AppNavi Chrome Extension

This article explains how AppNavi Chrome extension works technically

The AppNavi Chrome Extension is based on the latest security architecture of the Google Manifest (V3) and is ideally suited for use in companies. Here are some important advantages summarized:

  • Reduce traffic, as the AppNavi code is delivered directly as part of the extension.
  • Centralized management using software distribution systems within the company.
  • 1-click provisioning for new applications without having to add the AppNavi integration code to an application.
  • Since the AppNavi Extension creates a pseudonym for AppNavi end users which is stored in the Chrome Extension, it is possible to track users across multiple applications!
  • Access to all AppNavi features such as AppNavi Discovery.

AppNavi Chrome extension is based on Chrome Extension V3 which is more secured, performance and privacy centric.

Architecture diagram

AppNavi Chrome Extension Architecture

AppNavi Chrome Extension Architecture

How it works?

When AppNavi is enabled, it runs at page load for every http or https request. service-worker.js is the first entry point that gets the control when page is loaded. It starts with loading following scripts.

install-event-service-worker.jsThis script injects content scripts like extension-core.js
lib/extension-scripts/eventListener.jsThis script is responsible for listening to messages from the page-context scripts and provide them with data or store data on local storage.
lib/extension-scripts/settingsLoader.jsThis script loads extension settings like tenantId, evnironment, tenant config etc.
lib/extension-scripts/localStorage.jsThis script gets/sets entries in extension's localStorage.
lib/extension-scripts/apiClientLoader.jsThis script is responsible for making api calls to AppNavi server.
lib/extension-scripts/crypto-js.jsLibrary to support encryption.
lib/extension-scripts/simpleSign.jsEnables Enterprise Authentication in AppNavi Avatar.
lib/extension-scripts/applicationManager.jsThis script downloads, parses data files, finds matching application, caches applications onto the localStorage, downloads custom code.

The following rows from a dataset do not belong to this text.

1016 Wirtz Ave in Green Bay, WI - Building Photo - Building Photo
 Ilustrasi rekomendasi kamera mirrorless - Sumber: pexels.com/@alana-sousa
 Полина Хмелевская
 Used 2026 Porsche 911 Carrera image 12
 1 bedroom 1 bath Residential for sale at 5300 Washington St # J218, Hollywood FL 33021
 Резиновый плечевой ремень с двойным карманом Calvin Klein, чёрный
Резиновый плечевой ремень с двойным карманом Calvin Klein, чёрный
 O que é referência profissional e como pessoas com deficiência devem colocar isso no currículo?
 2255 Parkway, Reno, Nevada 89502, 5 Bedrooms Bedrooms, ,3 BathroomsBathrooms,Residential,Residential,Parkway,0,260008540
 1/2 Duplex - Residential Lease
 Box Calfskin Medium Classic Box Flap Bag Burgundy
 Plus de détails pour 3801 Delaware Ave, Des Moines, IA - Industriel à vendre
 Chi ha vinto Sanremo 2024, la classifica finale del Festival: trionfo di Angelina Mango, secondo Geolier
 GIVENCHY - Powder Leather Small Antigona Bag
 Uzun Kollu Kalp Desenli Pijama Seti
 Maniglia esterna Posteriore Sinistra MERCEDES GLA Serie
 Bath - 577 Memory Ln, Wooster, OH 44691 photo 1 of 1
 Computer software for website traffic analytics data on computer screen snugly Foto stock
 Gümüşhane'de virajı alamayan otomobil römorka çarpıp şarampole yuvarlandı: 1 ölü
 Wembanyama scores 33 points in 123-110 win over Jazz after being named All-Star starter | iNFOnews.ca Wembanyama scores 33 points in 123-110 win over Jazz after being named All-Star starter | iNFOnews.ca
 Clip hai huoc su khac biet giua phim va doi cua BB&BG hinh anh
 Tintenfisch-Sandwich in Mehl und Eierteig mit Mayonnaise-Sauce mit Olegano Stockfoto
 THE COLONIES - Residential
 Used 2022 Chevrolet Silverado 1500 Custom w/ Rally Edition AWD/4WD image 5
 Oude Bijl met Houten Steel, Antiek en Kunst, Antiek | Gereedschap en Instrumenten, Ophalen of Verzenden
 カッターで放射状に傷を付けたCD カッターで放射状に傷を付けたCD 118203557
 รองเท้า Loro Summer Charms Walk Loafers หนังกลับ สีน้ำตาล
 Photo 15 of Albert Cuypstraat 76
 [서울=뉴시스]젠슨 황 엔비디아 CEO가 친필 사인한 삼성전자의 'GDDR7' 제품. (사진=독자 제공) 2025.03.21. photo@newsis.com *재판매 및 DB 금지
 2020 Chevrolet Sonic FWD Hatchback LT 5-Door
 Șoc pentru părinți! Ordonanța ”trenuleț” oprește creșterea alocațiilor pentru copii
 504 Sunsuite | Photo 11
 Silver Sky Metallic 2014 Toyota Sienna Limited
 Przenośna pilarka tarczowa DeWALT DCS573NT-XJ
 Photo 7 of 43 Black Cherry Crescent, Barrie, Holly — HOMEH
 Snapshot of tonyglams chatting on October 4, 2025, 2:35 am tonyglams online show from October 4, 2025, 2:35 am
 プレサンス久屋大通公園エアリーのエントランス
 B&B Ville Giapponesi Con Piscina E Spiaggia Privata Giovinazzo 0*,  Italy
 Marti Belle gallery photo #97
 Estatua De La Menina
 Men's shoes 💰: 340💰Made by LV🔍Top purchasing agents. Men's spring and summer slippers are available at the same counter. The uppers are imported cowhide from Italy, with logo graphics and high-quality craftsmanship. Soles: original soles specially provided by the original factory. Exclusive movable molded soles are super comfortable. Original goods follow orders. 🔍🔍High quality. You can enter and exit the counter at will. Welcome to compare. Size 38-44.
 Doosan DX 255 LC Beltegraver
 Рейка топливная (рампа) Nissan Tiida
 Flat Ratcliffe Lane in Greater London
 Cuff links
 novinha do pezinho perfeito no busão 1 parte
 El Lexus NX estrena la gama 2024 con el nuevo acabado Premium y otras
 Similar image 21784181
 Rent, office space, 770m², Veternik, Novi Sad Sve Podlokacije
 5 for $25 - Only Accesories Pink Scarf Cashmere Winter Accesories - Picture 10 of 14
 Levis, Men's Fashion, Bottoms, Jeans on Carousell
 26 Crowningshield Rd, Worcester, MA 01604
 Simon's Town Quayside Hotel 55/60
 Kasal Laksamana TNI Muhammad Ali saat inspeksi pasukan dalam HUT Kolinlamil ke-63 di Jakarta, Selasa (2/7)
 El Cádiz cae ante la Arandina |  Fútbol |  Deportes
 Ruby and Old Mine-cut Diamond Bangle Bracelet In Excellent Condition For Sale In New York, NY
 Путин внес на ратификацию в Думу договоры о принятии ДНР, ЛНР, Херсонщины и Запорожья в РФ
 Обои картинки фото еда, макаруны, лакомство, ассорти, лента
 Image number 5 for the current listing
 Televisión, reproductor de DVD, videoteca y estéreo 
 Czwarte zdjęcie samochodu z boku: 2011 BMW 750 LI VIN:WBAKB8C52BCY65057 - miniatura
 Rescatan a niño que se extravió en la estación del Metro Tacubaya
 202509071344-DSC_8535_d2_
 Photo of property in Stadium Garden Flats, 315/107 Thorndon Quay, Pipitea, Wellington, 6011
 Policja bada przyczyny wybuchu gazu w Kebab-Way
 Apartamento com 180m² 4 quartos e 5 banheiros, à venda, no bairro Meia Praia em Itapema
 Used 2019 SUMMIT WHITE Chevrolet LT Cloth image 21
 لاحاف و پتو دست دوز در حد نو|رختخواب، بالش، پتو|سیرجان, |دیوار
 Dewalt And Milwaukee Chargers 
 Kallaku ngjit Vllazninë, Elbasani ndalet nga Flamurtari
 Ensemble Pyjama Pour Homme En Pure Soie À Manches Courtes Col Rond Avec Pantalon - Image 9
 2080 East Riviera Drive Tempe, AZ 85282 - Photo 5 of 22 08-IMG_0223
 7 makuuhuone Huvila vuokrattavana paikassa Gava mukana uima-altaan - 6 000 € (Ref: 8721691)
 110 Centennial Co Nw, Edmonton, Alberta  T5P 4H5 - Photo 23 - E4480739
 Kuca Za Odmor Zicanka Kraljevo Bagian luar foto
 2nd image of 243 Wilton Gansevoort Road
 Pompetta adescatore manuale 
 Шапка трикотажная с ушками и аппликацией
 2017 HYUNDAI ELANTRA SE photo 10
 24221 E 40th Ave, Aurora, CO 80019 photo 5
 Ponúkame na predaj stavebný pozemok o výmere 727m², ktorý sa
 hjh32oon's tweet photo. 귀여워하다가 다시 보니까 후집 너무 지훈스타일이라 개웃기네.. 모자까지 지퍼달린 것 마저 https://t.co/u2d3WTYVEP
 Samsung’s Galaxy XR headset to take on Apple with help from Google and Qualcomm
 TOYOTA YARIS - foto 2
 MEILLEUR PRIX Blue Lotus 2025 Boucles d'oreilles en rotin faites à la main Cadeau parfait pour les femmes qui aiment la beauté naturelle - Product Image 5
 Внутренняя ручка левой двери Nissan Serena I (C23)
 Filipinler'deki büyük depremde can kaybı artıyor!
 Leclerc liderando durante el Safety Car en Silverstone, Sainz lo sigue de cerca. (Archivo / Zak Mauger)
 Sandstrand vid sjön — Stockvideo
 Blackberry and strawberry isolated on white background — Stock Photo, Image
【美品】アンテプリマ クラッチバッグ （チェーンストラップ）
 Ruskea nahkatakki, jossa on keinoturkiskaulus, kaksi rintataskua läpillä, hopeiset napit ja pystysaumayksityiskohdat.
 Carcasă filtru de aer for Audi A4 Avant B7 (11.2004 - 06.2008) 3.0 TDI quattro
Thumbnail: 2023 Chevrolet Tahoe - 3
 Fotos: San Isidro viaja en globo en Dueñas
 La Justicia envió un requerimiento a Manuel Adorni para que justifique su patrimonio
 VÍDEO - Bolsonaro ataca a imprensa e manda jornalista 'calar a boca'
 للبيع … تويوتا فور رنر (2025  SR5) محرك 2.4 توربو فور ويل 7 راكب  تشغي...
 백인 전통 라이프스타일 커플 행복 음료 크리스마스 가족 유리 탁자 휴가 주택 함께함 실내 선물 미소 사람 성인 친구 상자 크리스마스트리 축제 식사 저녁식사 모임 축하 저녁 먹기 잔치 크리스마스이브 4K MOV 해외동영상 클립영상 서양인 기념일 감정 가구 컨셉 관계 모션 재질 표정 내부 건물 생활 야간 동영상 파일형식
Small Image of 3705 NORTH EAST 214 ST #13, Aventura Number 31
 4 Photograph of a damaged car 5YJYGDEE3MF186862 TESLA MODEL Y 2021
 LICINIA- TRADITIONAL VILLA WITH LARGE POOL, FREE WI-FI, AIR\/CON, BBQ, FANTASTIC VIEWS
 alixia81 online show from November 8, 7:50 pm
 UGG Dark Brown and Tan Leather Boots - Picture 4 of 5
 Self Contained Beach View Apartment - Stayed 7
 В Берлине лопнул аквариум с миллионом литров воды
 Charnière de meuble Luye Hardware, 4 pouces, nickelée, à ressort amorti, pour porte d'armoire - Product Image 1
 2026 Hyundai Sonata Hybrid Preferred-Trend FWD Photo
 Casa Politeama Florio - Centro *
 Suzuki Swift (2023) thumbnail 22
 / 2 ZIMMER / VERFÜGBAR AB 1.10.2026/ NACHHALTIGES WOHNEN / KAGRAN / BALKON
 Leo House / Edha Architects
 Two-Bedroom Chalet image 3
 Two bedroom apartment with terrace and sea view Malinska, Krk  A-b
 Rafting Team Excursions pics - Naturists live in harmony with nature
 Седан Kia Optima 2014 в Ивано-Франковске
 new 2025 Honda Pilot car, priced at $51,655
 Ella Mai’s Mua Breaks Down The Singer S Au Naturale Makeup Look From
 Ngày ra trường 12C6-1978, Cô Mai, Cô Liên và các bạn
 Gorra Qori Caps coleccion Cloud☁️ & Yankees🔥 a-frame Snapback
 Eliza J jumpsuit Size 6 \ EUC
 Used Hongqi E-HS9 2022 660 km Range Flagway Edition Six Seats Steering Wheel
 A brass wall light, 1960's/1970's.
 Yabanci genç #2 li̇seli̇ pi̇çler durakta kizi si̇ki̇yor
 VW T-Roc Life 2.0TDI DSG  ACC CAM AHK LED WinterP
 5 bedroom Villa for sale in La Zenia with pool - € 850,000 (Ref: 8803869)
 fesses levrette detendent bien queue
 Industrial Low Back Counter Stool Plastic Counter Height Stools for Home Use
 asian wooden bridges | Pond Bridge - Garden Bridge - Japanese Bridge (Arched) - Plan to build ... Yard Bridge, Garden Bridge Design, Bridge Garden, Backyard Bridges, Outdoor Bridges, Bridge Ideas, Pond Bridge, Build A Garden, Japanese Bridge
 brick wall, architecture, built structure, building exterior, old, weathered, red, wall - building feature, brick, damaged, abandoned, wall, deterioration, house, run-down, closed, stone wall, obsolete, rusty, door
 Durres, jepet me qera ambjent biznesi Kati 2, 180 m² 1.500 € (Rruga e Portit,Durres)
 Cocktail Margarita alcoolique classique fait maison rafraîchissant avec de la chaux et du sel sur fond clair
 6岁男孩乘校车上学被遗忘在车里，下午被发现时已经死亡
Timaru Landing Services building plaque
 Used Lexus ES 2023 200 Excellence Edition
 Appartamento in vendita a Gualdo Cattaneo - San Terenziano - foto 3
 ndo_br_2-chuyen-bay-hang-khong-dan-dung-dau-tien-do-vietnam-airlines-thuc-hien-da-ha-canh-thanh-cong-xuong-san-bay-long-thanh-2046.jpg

After above scripts are loaded, applicationManager.js file downloads data a file containing meta-data information about configured tenant, it then finds matching application in the meta-data. If it finds one, it downloads application data file which contains all the information(routes, posts, announcements, pins etc) required to run Avatar.

After that core.js (also contained in the extension page) is taken charged of the Avatar.

Messaging Bridge

core.js file runs in the page context where it has access to all the page's variables, functions, DOM, document, window etc. However it can't directly call AppNavi server due to csp restrictions. To overcome this restriction AppNavi uses a Messaging Bridge which internally utlizing postMessage api.

Messaging Bridge

Messaging Bridge

For example, if core.js needs to call server for user authentication, following steps will be involved.

  • core.js sends a request via postMessage
  • extension-core receives the requests, forwards the requests to event-listener.js
  • event-listener.js decides which script would handle the request, forwards the request to that script.
  • script handles and replies with the response.
  • event-listener.js sends back response to extension-core which in turn sends back to core.js

Permissions required to run AppNavi

AppNavi requests following permissions through manifest.json file.

Permission nameDescription
webRequestThis permission is required to check whether page has csp policies enabled, if yes, AppNavi prevents custom code from loading.
tabsThis permission is required to reload AppNavi when extension is updated or reloaded.
storageThis permission is required to store or cache some frequently queried data.
scriptingThis permission is required to reload AppNavi when extension is updated or reloaded.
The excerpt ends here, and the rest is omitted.